** Data in this exercise follows **
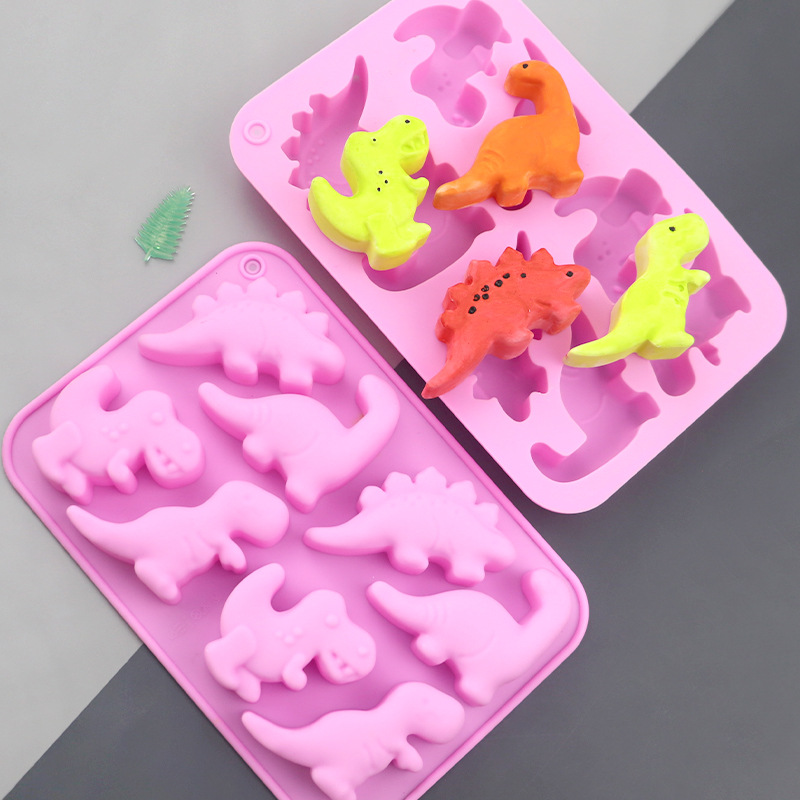 Blues Wholesale 8 Dinosaurs Ca - Soap Making Party 评论和价格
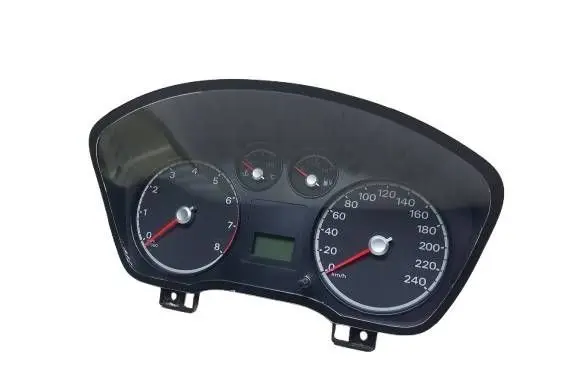 Ford Focus Speedometer (instrument cluster) 4M5T10849AM-KASACJ 4M5T-10849-AM 4M5T10849AM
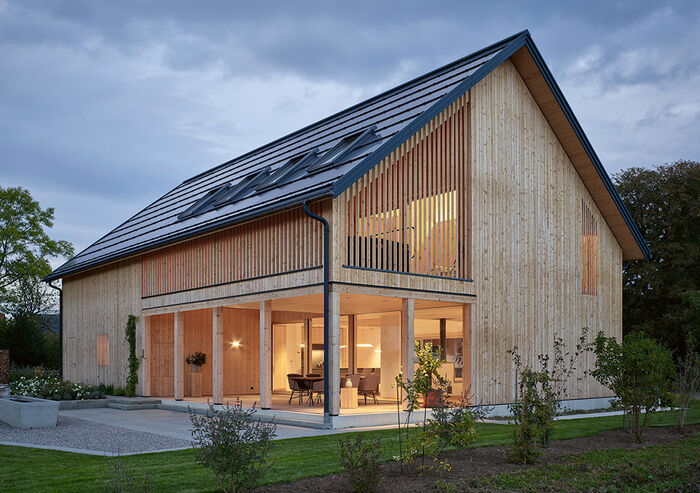 Holzbau ALPINA Hausbau GmbH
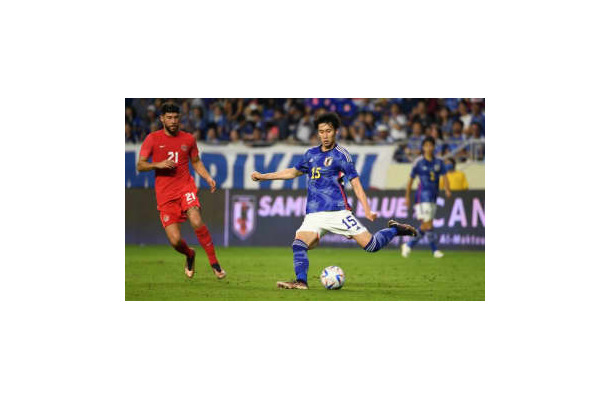 鎌田大地、W杯前に感情爆発！カナダ戦での「ピッチ殴りつけ」シーン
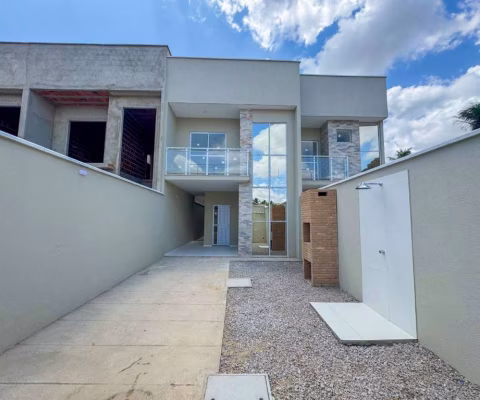 Casa Duplex de 3 Quartos a venda no Maracanaú Bairro Luzardo Viana [DUPLICADO]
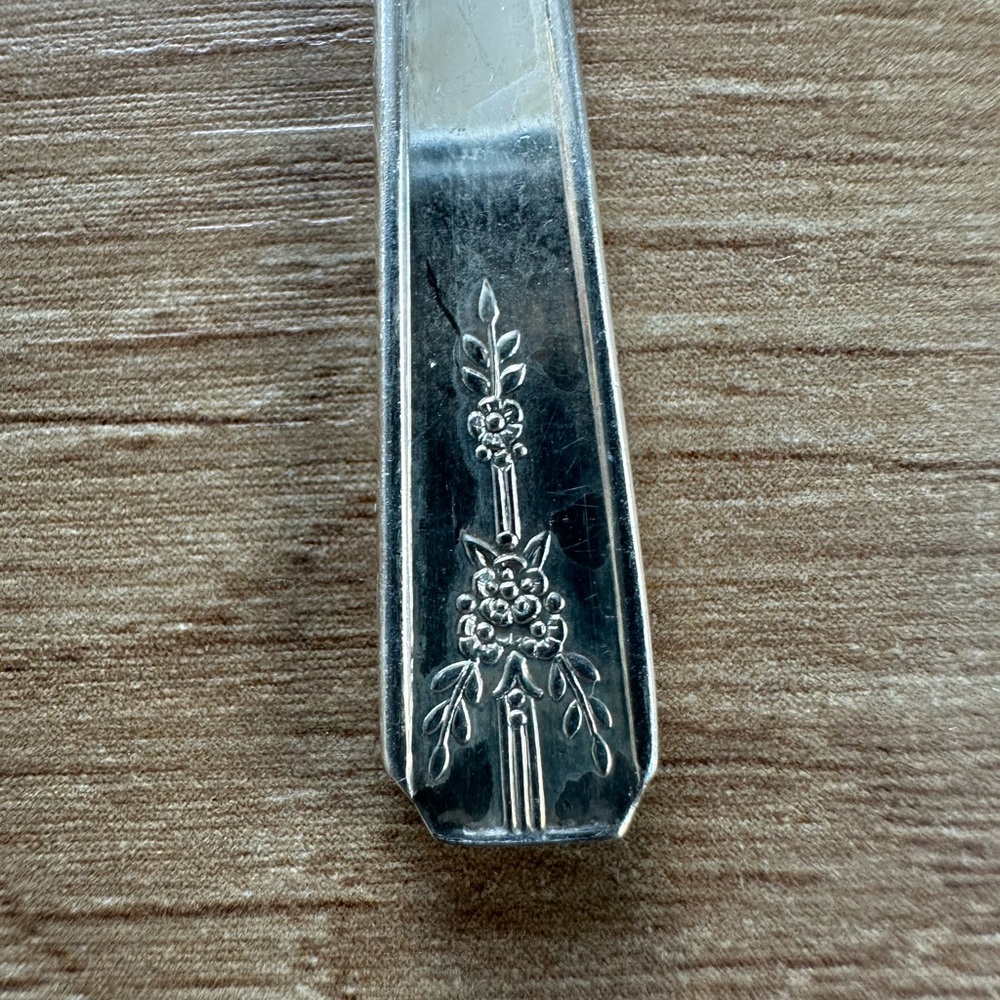 Community Smaller Tea Spoon Set - Picture 5 of 5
** End of Data in this exercise **
Please copy the records above word for word, omitting every picture.

- Answer to this problem:
 Blues Wholesale 8 Dinosaurs Ca - Soap Making Party 评论和价格
 Ford Focus Speedometer (instrument cluster) 4M5T10849AM-KASACJ 4M5T-10849-AM 4M5T10849AM
 Holzbau ALPINA Hausbau GmbH
 鎌田大地、W杯前に感情爆発！カナダ戦での「ピッチ殴りつけ」シーン
 Casa Duplex de 3 Quartos a venda no Maracanaú Bairro Luzardo Viana [DUPLICADO]
 Community Smaller Tea Spoon Set - Picture 5 of 5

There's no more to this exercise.